Google Research Releases SensorFM: Trained on a Trillion Minutes of Wearable Data, Wins 33 of 35 Health Tasks
- Google Research has released SensorFM, a health foundation model pretrained on over a trillion minutes of wearable sensor data. The corresponding paper is at arXiv:2605.22759.
- Training data comes from 5 million consenting users, spanning 100+ countries and all 50 US states, across 20+ Fitbit and Pixel Watch device models, from September 2024 to September 2025.
- Across scaling experiments spanning four orders of magnitude, the largest model, SensorFM-B, wins 33 of 35 health prediction tasks. Freeze the encoder and add just a linear head, and it still beats traditional feature-engineering-plus-supervised-learning on 34/35 tasks.

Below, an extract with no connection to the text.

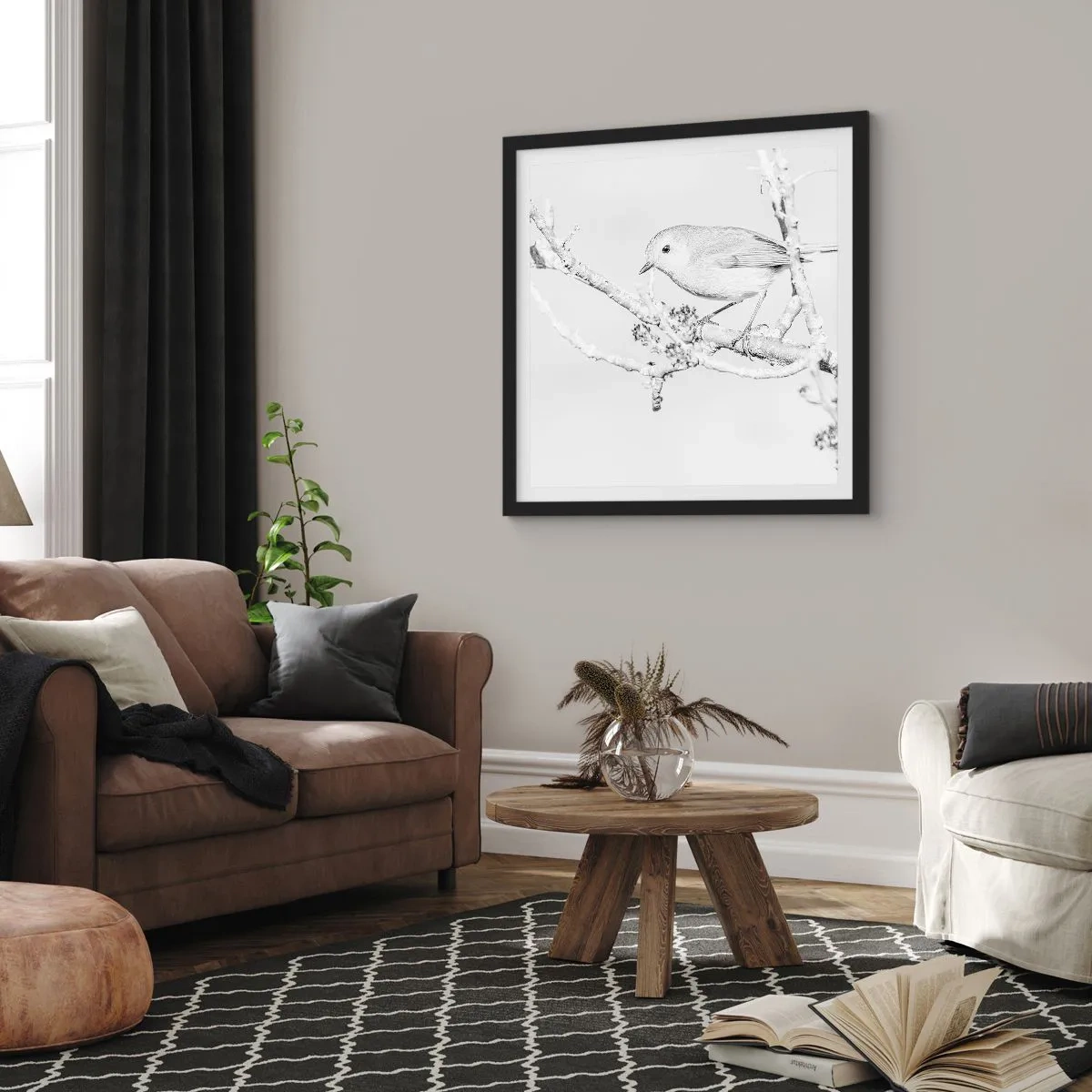 Poster in einem schwarzem Rahmen - Wintermorgen - 40x40 cm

- The core technique is AIM (Adaptive Inheritance Masking): it treats data the device genuinely lost the same way it treats data deliberately masked during training, so the model natively learns to handle incomplete information.
- In a blinded clinician evaluation paired with a personal health agent, health summaries generated from SensorFM predictions scored with no statistically significant gap compared to summaries generated from real medical measurements.

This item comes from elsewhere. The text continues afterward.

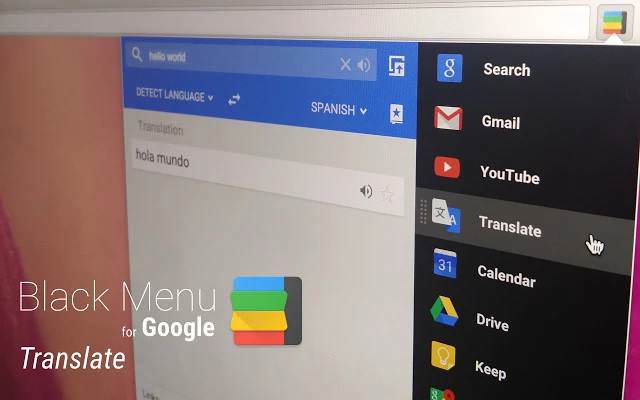menú negro para google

Wearables Have Piled Up Data Most of It Never Really Gets Used
Over the past decade, watches and bands have logged massive amounts of heart rate, blood oxygen, sleep, and activity data. Yet most of it just sits dormant on the device, or gets used for one narrow thing: tallying today's step count, or how well you slept. Turning that data into real health risk prediction runs into three walls under the traditional approach.
One Task, One Model
Want to predict diabetes? Train a diabetes model. Want to predict depression? Train a separate depression model. Each model needs its own labeled dataset, and knowledge doesn't transfer between them.

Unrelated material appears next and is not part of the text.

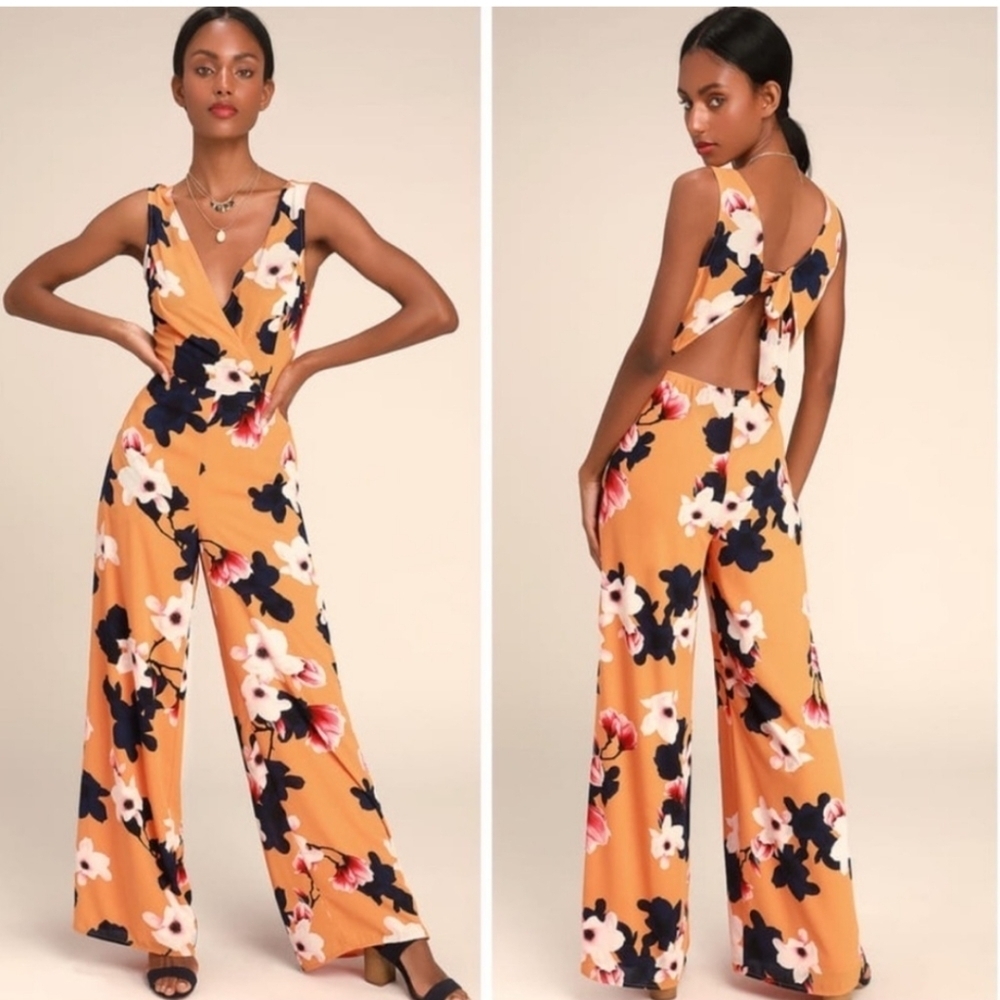 Lulu's NWT XS heart abloom orange floral print wide leg jumpsuit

Labels Are Expensive and Hard to Get
A health label (say, "this person was diagnosed with diabetes") sits behind medical exams, lab work, and diagnosis — slow and costly. Many labels simply can't be retrofitted; you can't send someone back three years to get a checkup.
Individual Variation Is Huge
The same heart rate curve can be perfectly normal for one person and a red flag for another. A one-size-fits-all model can't handle that kind of person-to-person variance.
Google Research's Answer: SensorFM
On July 9, 2026, Google Research published a blog post introducing SensorFM, a foundation model for wearable health data, with the corresponding paper on arXiv (number 2605.22759).